Upon her return, Brandi divorced her husband of five years. She says, “Not long after leaving for Iraq, I found out he was cheating. This is pretty common with many married soldiers. I suppose better now than in 20 years.”

Thankfully, she has a family she calls “very supportive.”

“Most of my family never really asked me what happened while I was in Iraq,” Brandi says. “I am very grateful for that. They let me tell them stories as I was ready. They were there to listen and not cast any judgments.”

She registered with the VA hospital. Previously, her only prescription was for birth control. Suddenly she found herself with five prescriptions for different medications.

Like many soldiers, Brandi came back from war with a major sleep problem. After she participated in a sleep study, the doctors informed her that she woke up an average of 27 times per hour during the night. She could never remember any of it -- all she knew was that she started each day exhausted. The doctors chalked it up to old-fashioned insomnia and prescribed sleeping pills. The pills didn’t help.

“Try going four years without sleeping,” Brandi tells TakePart. “It’s hell.”

Four years after she returned from war, Brandi was finally diagnosed with post traumatic stress disorder. A doctor took her off the ineffective sleeping aids and instead gave her an antipsychotic.

“It made me sleep, but it also showed why I [hadn’t been] sleeping,” Brandi said. “When sleeping, I would have nightmares of being in a war zone.”

Vanasa’s Story

Life as a Marine wasn’t exactly a heroine’s journey for Vanasa.

Vanasa, 42, of Riverton, Utah, joined the Marine Corps when she was 19. She served for two years in Okinawa, Japan, during Desert Storm, then was sent to Camp Pendleton in California. At the end of her service, she was given an “other than honorable” discharge and went to college without the benefit of the GI Bill. By the time she graduated college, she was able to successfully appeal and have her discharge changed to “honorable.” Unfortunately, her newly reinstated GI Bill benefits did not apply to the $20,000 in student loans she had already accrued.

Vanasa delayed motherhood in exchange for a military career and a degree. She said, “We always have the time clock ticking trying to get a job and college in before [having] kids. After Marine Corps and college, I was 30 and ready to start a family; so an advanced degree wasn’t really an option. I had one kid at 33 and one at 38. Now I am 42 with a three-year-old, wondering what’s going to happen when I rejoin the workforce.”

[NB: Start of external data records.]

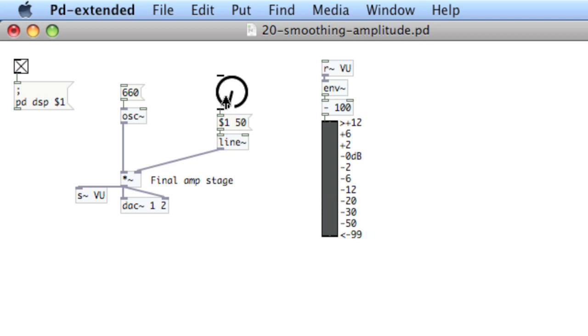So you can hear there some latency, so let's change it to just 50 milliseconds. And now you hear that the amplitude is smoothed out because we're moving between values, but we're not doing it discretely. We're ramping from the value it was at to the value that it's going to be, and so forth.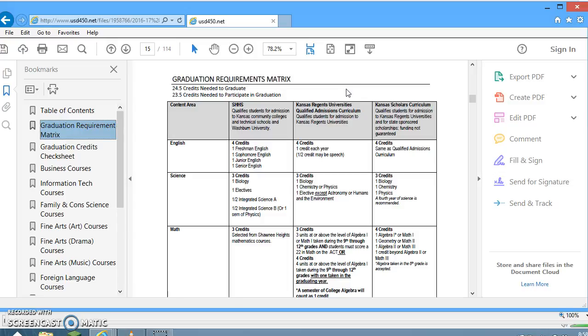That's a review of the graduation requirements for Shawnee Heights High School. If you have any questions, please contact your counselor at the Shawnee Heights counseling department. Thank you.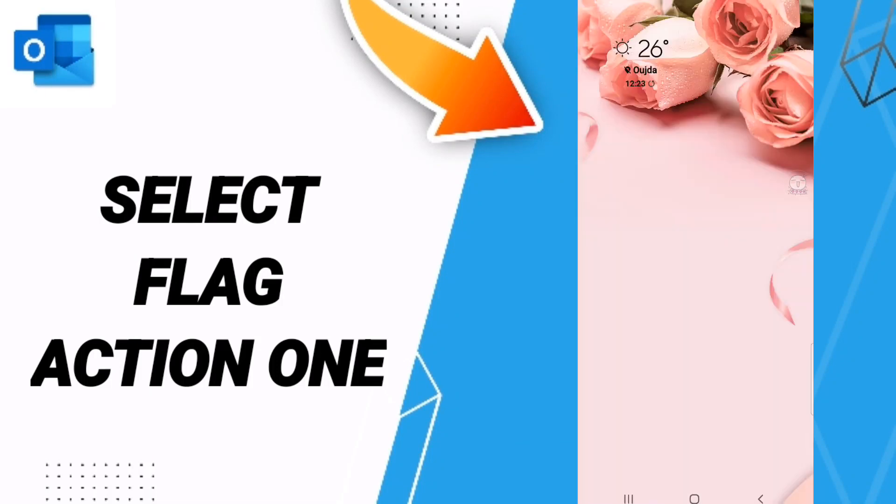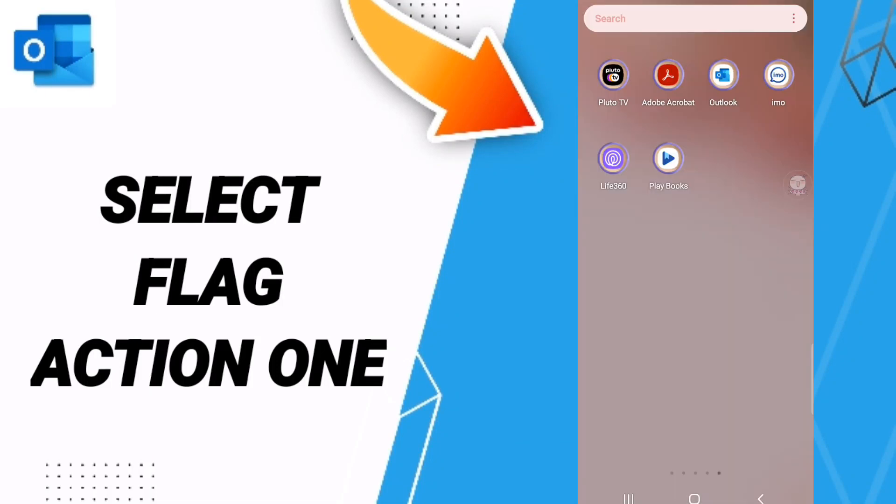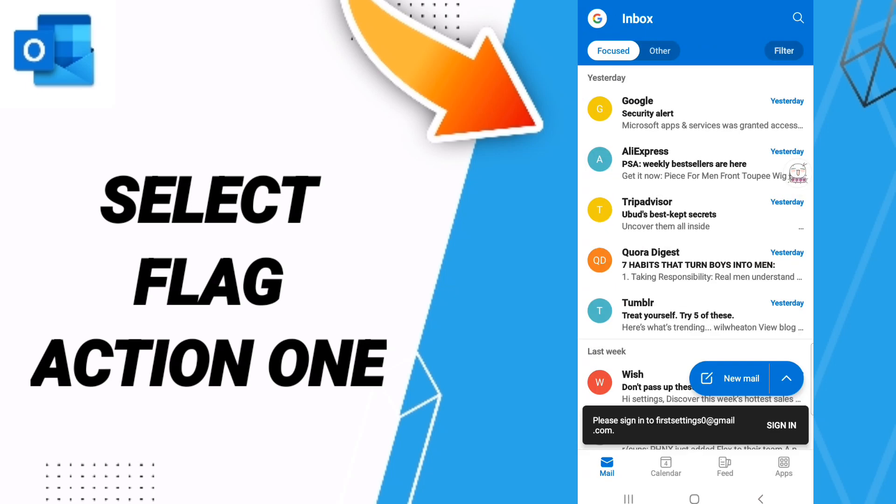Hi everyone, today we'll talk about how to select Flag of Action 1 on the application of Outlook. To do this, you should go to the app of Outlook as you see and click.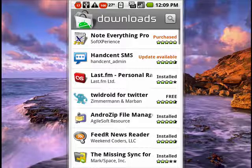Hi, this is Mike Callahan, Dr. File Finder, and welcome to your Butter Sash Account tutorial on how to update applications on your Android phone.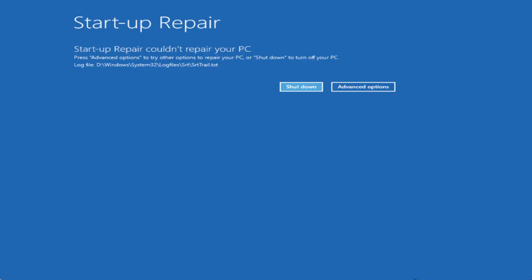Hey friends and welcome back to my channel. This video is all about fixing the particular error where whenever you boot up your system you get the error of 'Startup Repair couldn't repair your PC.' So without wasting time let's go ahead and directly proceed with the resolution.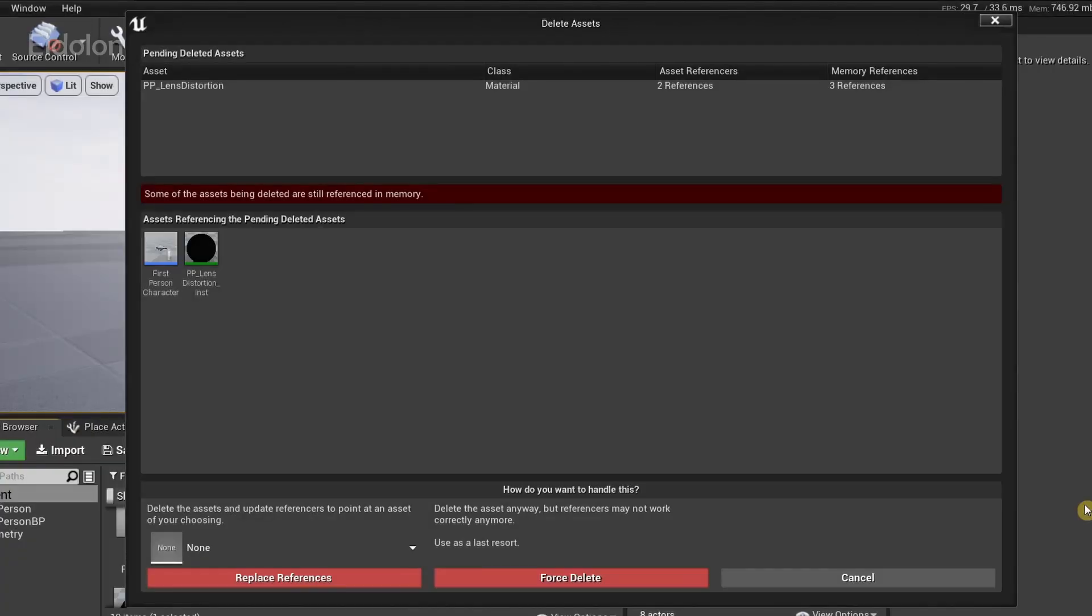The first thing to keep in mind is that force deleting assets isn't always a bad or potentially dangerous way of deleting assets. It's just Unreal giving you an additional warning before you delete an asset that has references to it.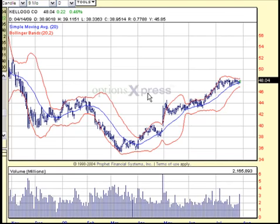Hey everyone, this is Jun from Turning Point Life Investment. Today I'm going to talk a little bit about the different stages that a stock goes through — more specifically, contraction and expansion. One of the indicators that I use to help me visualize what stage a stock is in is the Bollinger Bands.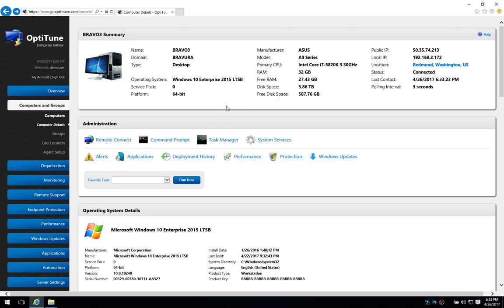In this version of OptiTune, we have some new real-time features called the Task Manager and System Services.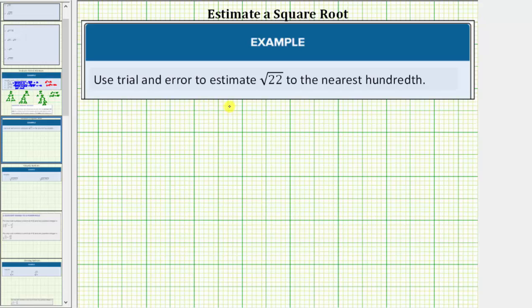We are asked to use trial and error to estimate the square root of 22 to the nearest hundredth, or two decimal places.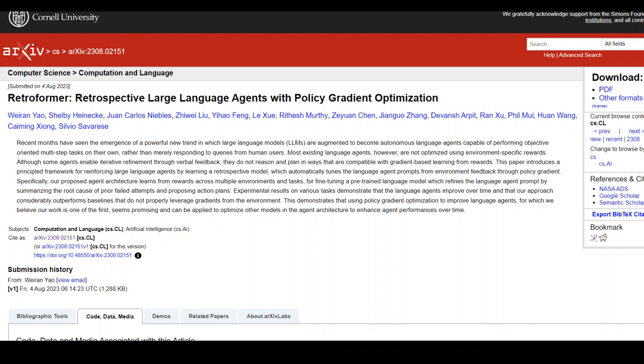A link to this abstract will be in the video's description so that you can read through. It is quite a fascinating read. Thank you.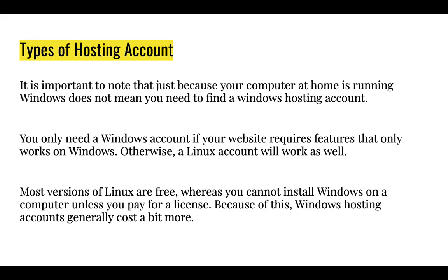Most versions of Linux are free, whereas you cannot install Windows on a computer unless you pay for a license. Because of this, Windows hosting accounts generally cost a bit more.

She says she doesn’t regret her two decades of service, but tells TakePart that “in the two decades since I have served, there have been very few instances where it has benefited me tangibly at all. I am a divorced mom of two who is unemployed and uninsured with a student loan debt. Supposedly, there are programs out there, but I don’t know where to begin and what are worthwhile pursuits.”

Michele’s Story

War left an invisible mark on Michele.

Michele is 32 and lives in Fayetteville, North Carolina. She joined the Navy when she was 19, in December 2000. She traveled everywhere from Thailand to Iraq, which she says was “an insane asylum” during her time there in 2005 and 2006. By the time she left in 2008, she had been deployed six times. As a lesbian, she had become “disenfranchised” with the military and especially the Don’t Ask, Don’t Tell policy.

Her mother thought Michele came home with PTSD; Michele said that just might be true.

She tells TakePart, “After getting out, I was lost, but I was lucky to have a family that was supportive for the most part. I did not file with the VA, because I heard all horror stories and there were so many people coming back with half a brain and no legs not getting proper VA care. What were they going to do for me, a woman vet who was not brandishing a Purple Heart or visible scars? As the last decade can show, not much.”

The vet still struggles with emotional issues related to her time in the military. She says, “It is probably why [my mother] allowed me to get a dog. My mom is not a dog person. She… figured it would help.” Michele’s chocolate lab is named Jane.

Michele tells TakePart that military training on re-acclimating to society after deployment “is complete bullshit…. They never tell you that the world is different overall and sometimes people don’t give a damn what you did ‘over there’ as a contractor or a military member.”